Hace tres meses, la primera ministra de Dinamarca, Mette Frederiksen, anunciaba un giro en la política de ayudas públicas a inmigrantes en su país. Resumiendo mucho la cosa, Frederiksen venía a decir que si algún extranjero no podía conseguir contrato de trabajo, en lugar de disfrutar de ayudas públicas a cambio de nada, tendría que colaborar en tareas municipales durante 37 horas a la semana. Además, apuntaba a la necesidad de hacer entender a los inmigrantes que para integrarse es necesario trabajar, salir de casa, aprender el idioma local y recibir una cantidad económica a cambio de esfuerzo personal. Pagar un dinero a cambio de nada resulta contraproducente según la primera ministra de Dinamarca. Y yo me apunto a la idea.

Este es un debate especialmente interesante y si lo trasladamos a la realidad española podemos ampliarlo a los propios españoles. La tasa de paro tan monumental que arrastra España desde hace años se traduce en cantidades astronómicas que aporta el Estado para que millones de personas pueden tener una vida, más o menos, digna. Españoles, colombianos, marroquíes, bolivianos y personas de cualquier procedencia reciben unas cantidades que no siempre están justificadas.

Es evidente que no podemos dejar tirados a los que no tienen trabajo; resulta necesario para una sociedad moderna no dejar a su suerte a los grupos más desfavorecidos. Es tan evidente como que no podemos entregar ayudas a esos que abusan, a los que trabajan un rato y cobran el paro otro dependiendo de sus necesidades e intereses personales, a los que no tienen intención alguna de trabajar ni de integrarse ni de nada. Recibir una ayuda a cambio de una colaboración en los ayuntamientos o en otros ámbitos es saludable. Y ejercer un control férreo para evitar abusos es absolutamente necesario. Ya son muchos años los que España soporta actitudes indignas y eso no puede ser.

No se puede perder de vista el problema real. Si alguien inevitablemente debe recibir ayudas públicas que así sea, pero regalar millones y millones de euros a personas que podrían estar colaborando con su esfuerzo a construir una sociedad mejor, es inviable. No se puede pudrir (si es que es posible mayor deterioro) el problema que hemos creado. Concretamente, el clientelismo que buscan los políticos es bochornoso y no dudan en seguir manteniendo en píe políticas imposibles buscando votos a costa del esfuerzo de todos.

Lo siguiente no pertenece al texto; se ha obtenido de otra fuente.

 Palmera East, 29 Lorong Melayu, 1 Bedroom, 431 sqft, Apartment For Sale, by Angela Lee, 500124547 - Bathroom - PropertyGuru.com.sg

Sé que todo esto que digo es muy poco popular; y sé que hay casos especiales que deben seguir manteniendo ayudas indispensables. Pero sé, también, que conozco casos vergonzosos y sangrantes de personas que llevan viviendo del cuento mucho más de la cuenta.

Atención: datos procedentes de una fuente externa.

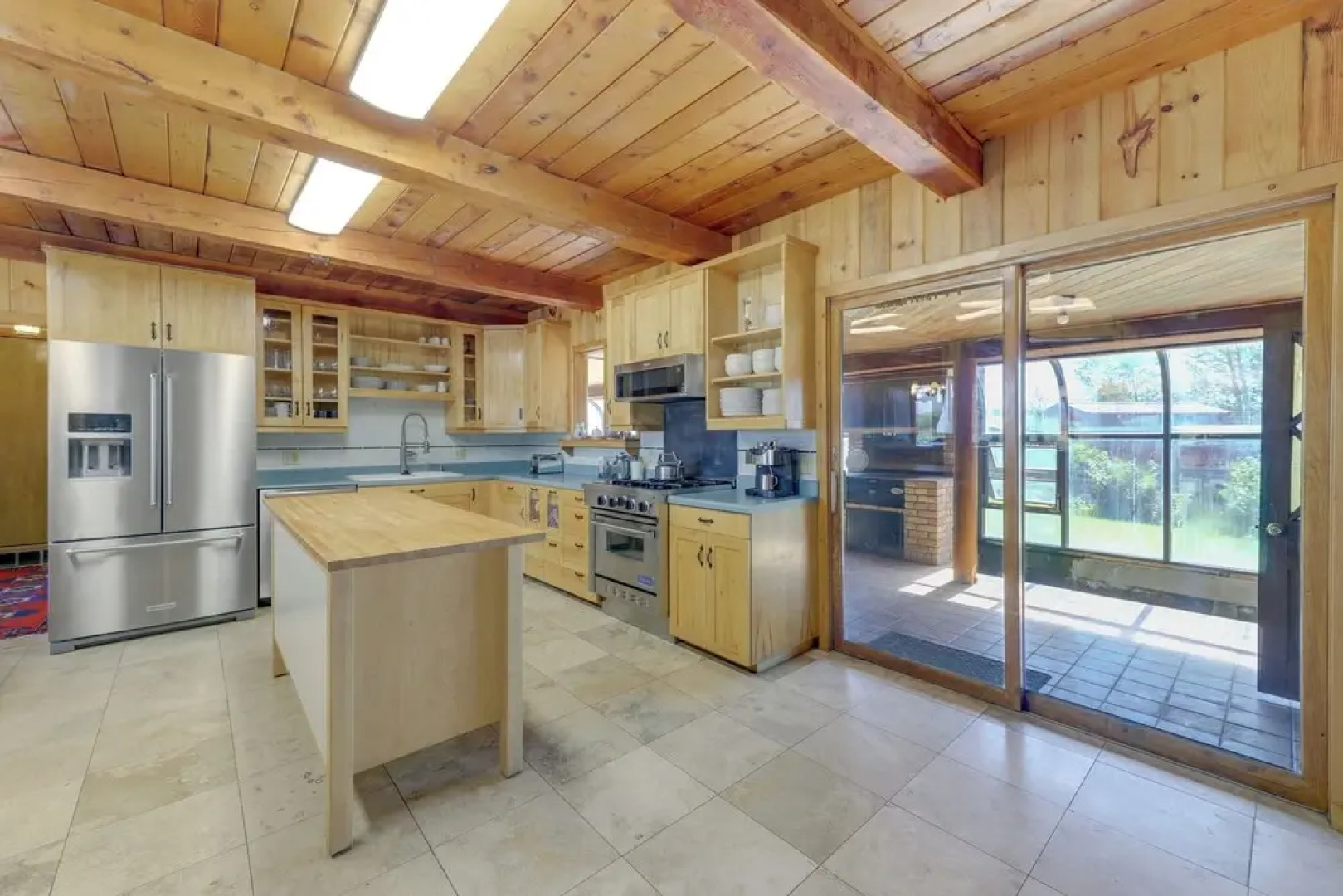 Spacious Pinedale Home w/ Mountain Range View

Alguien debería dar una vuelta a este asunto por el bien de todos. Y no dejaríamos de ser una sociedad exquisita si se modificasen algunas leyes sobre las ayudas públicas. Del mismo modo que los empresarios se ven ante la dura y dolorosa decisión de despedir a alguno de sus empleados para lograr sacar adelante el proyecto y salvar muchos puestos de trabajo, el Gobierno de turno debe pensar en el futuro sostenible de nuestra sociedad y no en sus votos.